Material for the task:
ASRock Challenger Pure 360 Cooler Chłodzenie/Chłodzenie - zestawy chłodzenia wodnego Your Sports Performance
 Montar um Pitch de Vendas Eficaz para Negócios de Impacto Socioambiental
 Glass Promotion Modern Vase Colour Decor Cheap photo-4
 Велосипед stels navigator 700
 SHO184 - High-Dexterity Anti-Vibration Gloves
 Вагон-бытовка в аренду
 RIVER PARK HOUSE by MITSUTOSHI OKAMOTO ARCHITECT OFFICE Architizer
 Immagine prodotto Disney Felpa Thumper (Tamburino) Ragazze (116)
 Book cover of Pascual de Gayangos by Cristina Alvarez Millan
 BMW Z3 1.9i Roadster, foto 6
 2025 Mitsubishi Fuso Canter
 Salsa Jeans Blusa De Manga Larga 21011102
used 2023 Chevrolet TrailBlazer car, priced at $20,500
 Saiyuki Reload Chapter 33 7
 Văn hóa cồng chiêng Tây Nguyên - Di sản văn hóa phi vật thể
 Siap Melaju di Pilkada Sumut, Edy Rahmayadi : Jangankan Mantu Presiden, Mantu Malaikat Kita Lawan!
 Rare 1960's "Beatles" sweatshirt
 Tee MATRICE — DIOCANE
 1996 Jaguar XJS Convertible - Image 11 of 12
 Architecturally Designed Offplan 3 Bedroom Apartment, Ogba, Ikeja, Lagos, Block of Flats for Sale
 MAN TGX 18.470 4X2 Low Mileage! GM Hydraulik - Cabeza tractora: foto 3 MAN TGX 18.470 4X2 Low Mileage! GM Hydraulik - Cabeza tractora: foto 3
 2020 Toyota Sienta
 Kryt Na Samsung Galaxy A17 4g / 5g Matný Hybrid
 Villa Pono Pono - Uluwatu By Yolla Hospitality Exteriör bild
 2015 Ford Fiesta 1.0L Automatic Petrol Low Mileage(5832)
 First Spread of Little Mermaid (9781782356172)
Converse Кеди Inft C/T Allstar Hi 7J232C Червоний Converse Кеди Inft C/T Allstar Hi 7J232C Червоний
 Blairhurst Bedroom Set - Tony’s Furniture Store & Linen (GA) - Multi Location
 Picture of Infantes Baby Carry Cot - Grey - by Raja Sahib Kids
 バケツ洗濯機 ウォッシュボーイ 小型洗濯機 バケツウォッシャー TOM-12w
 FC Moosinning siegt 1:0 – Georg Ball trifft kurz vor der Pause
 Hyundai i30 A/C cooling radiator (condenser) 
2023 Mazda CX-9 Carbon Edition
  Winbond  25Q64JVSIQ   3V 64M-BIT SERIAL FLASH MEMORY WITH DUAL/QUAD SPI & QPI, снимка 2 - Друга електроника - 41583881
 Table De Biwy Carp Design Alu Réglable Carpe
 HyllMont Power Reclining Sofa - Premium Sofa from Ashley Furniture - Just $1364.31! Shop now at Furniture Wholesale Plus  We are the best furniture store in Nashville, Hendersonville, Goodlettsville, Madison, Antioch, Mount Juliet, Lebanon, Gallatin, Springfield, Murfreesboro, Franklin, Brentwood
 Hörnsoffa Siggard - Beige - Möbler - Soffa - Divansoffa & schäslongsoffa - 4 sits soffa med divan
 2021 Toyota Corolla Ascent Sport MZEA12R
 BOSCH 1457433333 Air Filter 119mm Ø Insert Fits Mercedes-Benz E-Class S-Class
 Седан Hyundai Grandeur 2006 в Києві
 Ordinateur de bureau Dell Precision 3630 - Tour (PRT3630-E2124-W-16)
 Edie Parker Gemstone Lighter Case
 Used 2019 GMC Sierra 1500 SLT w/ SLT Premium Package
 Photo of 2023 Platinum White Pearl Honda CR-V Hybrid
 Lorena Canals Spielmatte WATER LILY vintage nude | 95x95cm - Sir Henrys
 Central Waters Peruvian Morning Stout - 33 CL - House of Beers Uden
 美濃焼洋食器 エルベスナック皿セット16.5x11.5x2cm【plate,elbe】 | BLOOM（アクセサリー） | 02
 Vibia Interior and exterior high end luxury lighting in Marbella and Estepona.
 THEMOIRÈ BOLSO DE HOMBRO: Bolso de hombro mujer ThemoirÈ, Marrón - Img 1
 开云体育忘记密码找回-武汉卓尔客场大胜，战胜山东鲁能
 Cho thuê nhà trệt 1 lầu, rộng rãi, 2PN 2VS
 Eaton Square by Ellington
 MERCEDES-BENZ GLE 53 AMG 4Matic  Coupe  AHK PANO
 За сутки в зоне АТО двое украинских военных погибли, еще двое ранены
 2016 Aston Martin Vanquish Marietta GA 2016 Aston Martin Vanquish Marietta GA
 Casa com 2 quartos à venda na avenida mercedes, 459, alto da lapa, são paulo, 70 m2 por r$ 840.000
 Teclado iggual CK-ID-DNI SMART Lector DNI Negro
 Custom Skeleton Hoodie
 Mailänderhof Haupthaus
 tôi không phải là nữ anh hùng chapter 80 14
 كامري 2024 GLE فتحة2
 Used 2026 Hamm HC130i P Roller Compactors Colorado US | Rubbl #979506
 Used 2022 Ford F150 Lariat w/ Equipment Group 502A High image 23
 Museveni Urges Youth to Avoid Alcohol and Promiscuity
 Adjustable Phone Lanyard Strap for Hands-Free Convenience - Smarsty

What is expected: Start at the line containing "Cho thuê nhà trệt 1 lầu, rộng rãi, 2PN 2VS" and copy each line through the last one in the records, exactly and with nothing added.

Response to the task:
 Cho thuê nhà trệt 1 lầu, rộng rãi, 2PN 2VS
 Eaton Square by Ellington
 MERCEDES-BENZ GLE 53 AMG 4Matic  Coupe  AHK PANO
 За сутки в зоне АТО двое украинских военных погибли, еще двое ранены
 2016 Aston Martin Vanquish Marietta GA 2016 Aston Martin Vanquish Marietta GA
 Casa com 2 quartos à venda na avenida mercedes, 459, alto da lapa, são paulo, 70 m2 por r$ 840.000
 Teclado iggual CK-ID-DNI SMART Lector DNI Negro
 Custom Skeleton Hoodie
 Mailänderhof Haupthaus
 tôi không phải là nữ anh hùng chapter 80 14
 كامري 2024 GLE فتحة2
 Used 2026 Hamm HC130i P Roller Compactors Colorado US | Rubbl #979506
 Used 2022 Ford F150 Lariat w/ Equipment Group 502A High image 23
 Museveni Urges Youth to Avoid Alcohol and Promiscuity
 Adjustable Phone Lanyard Strap for Hands-Free Convenience - Smarsty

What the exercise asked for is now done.